A Arca da Aliança era o sinal de que Deus escolhera Israel como sua particular propriedade, e que o povo aceitara essa eleição, comprometendo-se a não ter outro Deus, disponibilizando-se para ser a presença do Deus único no meio das nações. “Vós sereis o meu povo e Eu serei o vosso Deus”: essa era a “fórmula da Aliança” (Lev 26,12).

Depois da destruição do Templo de Jerusalém em 586 aC, a Arca foi perdida. Com ela, Israel vivia a percepção de ter sido abandonado por Deus: o seu pecado fora de tal forma grande que Deus esquecera o seu povo até ao dia em que chegasse o Messias. Procurando dar uma justificação para este desaparecimento, o II Livro dos Macabeus diz que “Por revelação divina, o profeta [Jeremias] tinha desejado fazer-se acompanhar pela Arca e pelo tabernáculo, logo que chegasse à montanha a que Moisés tinha subido para contemplar a herança de Deus. Chegado ao monte, Jeremias descobriu uma gruta ampla e nela mandou depositar a Arca, o tabernáculo e o altar dos perfumes, tapando, de seguida, a entrada. Alguns dos que o tinham acompanhado voltaram para marcar o caminho com sinais, mas não o conseguiram.

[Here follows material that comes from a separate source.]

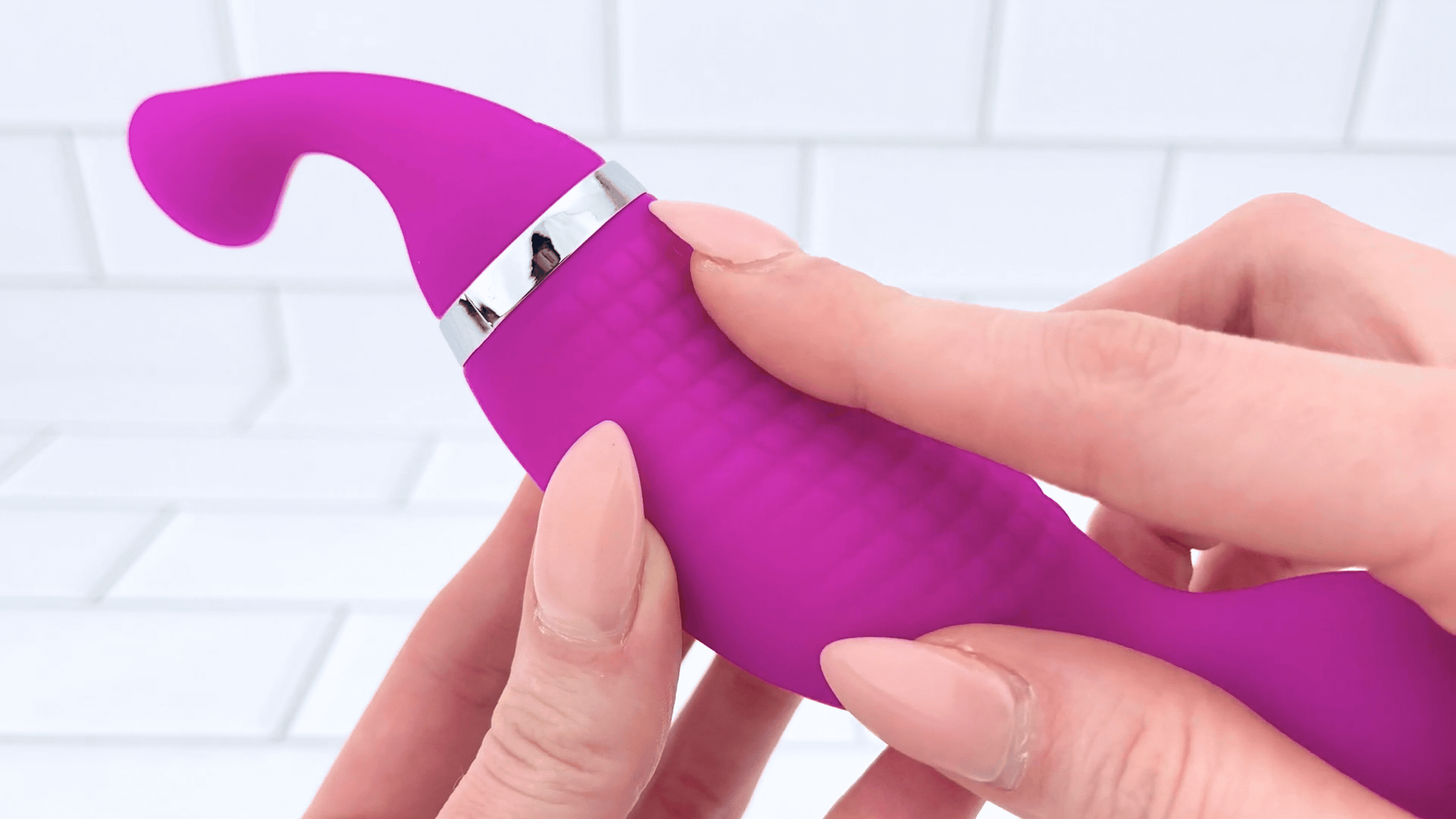 Duo Tease High Intensity Clit Sucker & Vibrator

Quando Jeremias soube, repreendeu-os, dizendo-lhes: ‘Este lugar ficará desconhecido, até que Deus reúna o seu povo e use de misericórdia com ele” (2,4-7).

Relendo todas estas tradições judaicas, a Iª Leitura que escutámos apontava para uma nova e definitiva realidade: “O templo de Deus abriu-se no Céu e a arca da aliança foi vista no seu templo” (Ap 11,19a).

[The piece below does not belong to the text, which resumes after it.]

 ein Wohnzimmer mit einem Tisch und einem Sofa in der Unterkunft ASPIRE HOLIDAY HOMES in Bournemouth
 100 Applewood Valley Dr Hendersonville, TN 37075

A partir do fim dos tempos, o Apóstolo S. João contempla — e convida-nos a contemplar — o verdadeiro Templo de Deus e a verdadeira Arca da Aliança, finalmente encontrada, qual sinal dos tempos definitivos: é a Virgem Maria. Ela transporta consigo e dá constantemente à luz a Cristo Salvador, o Deus connosco, no meio de nós, e, ao mesmo tempo, o Homem que cumpre em plenitude os mandamentos.

A verdadeira Arca da Aliança já não é um objecto de madeira mas “a Mulher” — ornada não com o ouro perecível mas com a vida resplandecente da maternidade; a Mulher cheia de beleza não tanto pela beleza da sua aparência física mas porque adornada com toda a espécie de virtudes; a Mulher sempre vitoriosa porque traz consigo o Messias, o Deus connosco, Jesus ressuscitado.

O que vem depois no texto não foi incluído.